If I use the next piece of code, I can obtain the first column of all the rows, which is the information inside the Run column, the same name that each forward and reverse reads files has.

$ cat metadata/SraRunTable.txt| sed -n '1!p' | while read line; do read=$(echo $line | cut -d',' -f1); echo $read;done

SRR12778013
SRR12778014
SRR12778015
SRR12778016
SRR12778017
SRR12778018
SRR12778019
SRR12778020
SRR12778021
SRR12778022
SRR12778023
SRR12778024

Creation of the all-around program

One of the great goals of this project is to create a program that can take the information that I obtained in this little chapter and autimatically do all the needed steps to process the data. I will do the first lines of that program here. This first little program will take the information found inside the SraRunTable.txt and will download the reads from all the libraries listed inside. I will name it down-reads.sh. This and all the scripts will be locaten inside the scripts-folder for this repository:

$ cat down-reads.sh

#!/bin/sh
# This is a program that is going to pick a SraRunTable of metadata and 
#extract the run label to download, trim and move the libraries information.

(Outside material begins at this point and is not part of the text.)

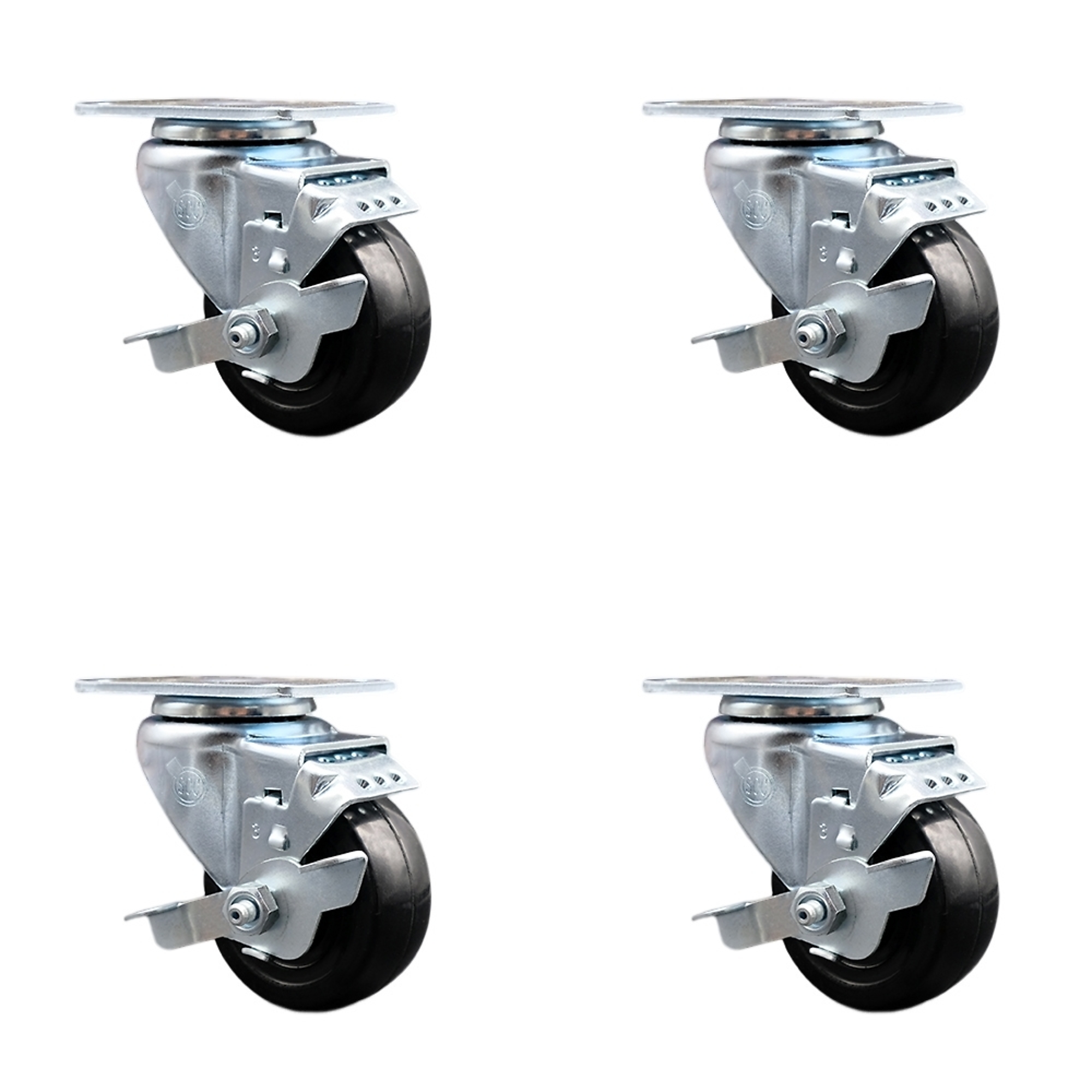 Service Caster, 3 1/2Inch x 1 1/4Inch Plate Casters, Wheel Diameter 3.5 in, Caster Type Swivel, Package (qty.) 4, Model SCC-SS20S3514-HRS-TLB-4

# This program requires that you give 1 input data. 1) where this 
#SraRunTable is located.

metd=$1 #Location to the SraRunTable.txt

root=$(pwd) #Gets the path to the directory of this file, on which the outputs ought to be created 
# Now we will define were the reads are:
runs='reads'

# CREATING NECCESARY FOLDERS
mkdir reads

# DOWNLOADING THE DATA

#Let's use the next piece of code to download the data
cat $metd  |  sed -n '1!p' | while read line;  do read=$(echo $line | cut -d',' -f1); fasterq-dump -S $read -p -e 8 -o $read ; done
mv *.fastq reads/
# The -e flag can be customized. This indicates the number of threads used to do this task.

# MANAGING THE DATA

# We will change the names of the reads files. They have a sufix that makes impossible
#to be read in a loop
ls $runs | while read line ; do new=$(echo $line | sed 's/_/-/g'); mv $runs/$line $runs/$new; done

# Now, we will create a file where the information of the run labes can be located
cat $metd  | sed -n '1!p' | while read line; do read=$(echo $line | cut -d',' -f1); echo $read ; done > run-labels.txt
mv run-labels.txt metadata/

I will like to write about some of the steps of this program. According to my experience, the presence of a _ in the names can cause issues with some programs. This is why the second step of this script changes the names fo all the downloaded files. The last line is to create a file where we can locate the name of each library. This information will be located inside the run-labels.txt file.

Picture of the fretwork on the ruins in Mitla, Oaxaca.